The root issues...
I have been taking a bit of a break from blogging. Sensed a need for some space. Pruning away the urge to create something people will find interesting. Trying to write from a place of authenticity--true self. I sense that I need to do this regularly...take a break from the blog...fasting.
I recently read an article by Dennis Martin (now a Roman Catholic) published in the April 2003 Mennonite Quarterly Review. He was co-editor with C. J. Dyck of Mennonite Encyclopedia, Volume V, published I believe in 1990.
This article addresses the questions that have emerged out of my own journey. I attempted to write a paper this spring that worked with these questions and themes.
In my estimation, this article offers an honest engagement with these questions and issues by a worthy intellectual who has not limited where the answers could take him.
I will paste in three separate excerpts from this long article that particularly jumped out at me. The first excert deals with the issue of what guides our worship planning. The second addresses our polity and how we make decisions (i.e. Ordination of Women). The third excerpt addresses how those within the Anabaptist stream read history. I offer no commentary at this point.
I. When I offered this (liturgy) for use at our congregation (Belmont Mennonite in Elkhart), the committee planning worship for a given month or season made use of it or parts of it, but the next month's or season's committee did not. I realized that we would never find out whether it was good, because a liturgy needs to be used consecutively for at least six months until the newness fades completely and people experience it intuitively, at a deeper level of consciousness. Yet I suddenly also realized that it could never be employed that way because if anyone, whether the pastor or a worship committee, proposed its use for such an extended period, to the exclusion of other forms of worship, at least some members of the congregation would be disappointed, if not disaffected. At that point, the pastor (or committee, ultimately, with the pastor's backing) would have had to offend at least some of the congregation and force the liturgy's use. But the pastor (or committee) had no authority to do any such thing because the pastor (or committee) served at the pleasure of the congregation, the congregation no longer had any agreed-upon ways of worshiping, and thus achieving consensus on a single pattern was next to impossible. Once one destroys authoritative patterns that have developed slowly over time, one simply cannot put any single pattern that enjoys authority and wide acceptance in their place without driving away those who disapprove. In such circumstances, variety (chaos, divisiveness) in worship is crucial to avoid lasting division, and necessary to keep everyone at least partly satisfied. The pastor's role becomes that of salesman: he constantly has to convince his congregation that he has earned the right to lead them, and to do that he has to avoid offending any sizable portion of the membership. A "little of this and a little of that" becomes the only real solution. The pastor cannot lead on the basis of his authority but, rather, has to persuade dissenters to go along with the vague consensus and thereby keep the various tastes and conceptions of different portions of the congregation from leading to serious and lasting divisions.

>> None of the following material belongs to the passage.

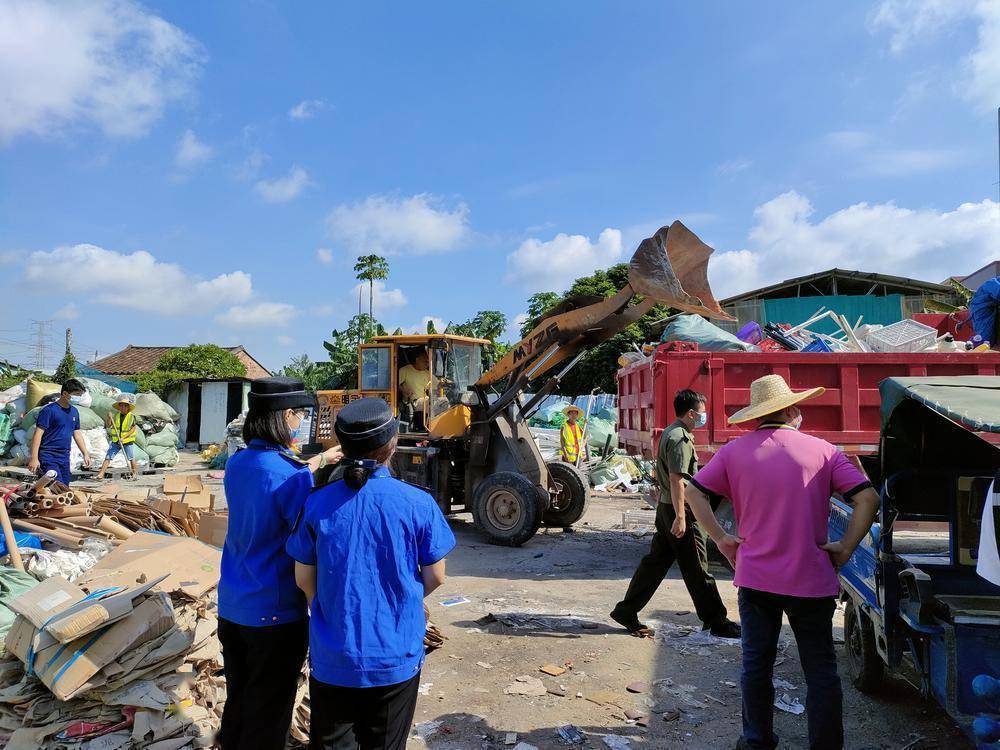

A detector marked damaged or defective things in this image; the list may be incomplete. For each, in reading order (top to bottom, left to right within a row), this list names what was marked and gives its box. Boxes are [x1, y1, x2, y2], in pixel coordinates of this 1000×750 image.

rusty metal bucket [624, 220, 736, 320]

II. And around none of this could a real hammer-and-tongs debate unfold. Observing how the decision to begin ordaining women took place among Mennonites in the 1970s and early 1980s, and watching discussions of women?s roles at the Associated Mennonite Biblical Seminaries during the 1980s, I realized that the vaunted "consensus" model advocated by the Young Turks of the Concern movement, according to which Mennonites surpassed Evangelicals and others who operated by oppressive hierarchy or crass majority vote, actually precluded debate. If decisions were made by consensus, then those who held a former majority position that was shifting by consensus into a minority position had two choices: they could, in persistent debate insist on their position and risk lasting schism, or they could fold their cards and submit to the emerging new consensus. The harder one debated an issue, the more one risked permanent schism. For the sake of unity, wise leaders and members who saw the consensus shifting against themselves censored themselves, and the debate suffocated in the middle of its own birth.
III. All this time I was teaching church history as well as helping to edit the Mennonite Encyclopedia, vol. 5. As I probed more deeply into the patristic period I was teaching, I realized that the Mennonite tradition rested on some fundamental misreadings of history and theology. Here is where my incomplete Mennonite socialization surfaced: had I been a dyed-in-the-wool, fully assimilated Mennonite, I might have been able to read the patristic and medieval evidence through Mennonite-focused binoculars, as other Mennonite historians did. But I was not equipped for doing so. I simply could not see my way clear to massage the patristic and medieval evidence into a Free Church model.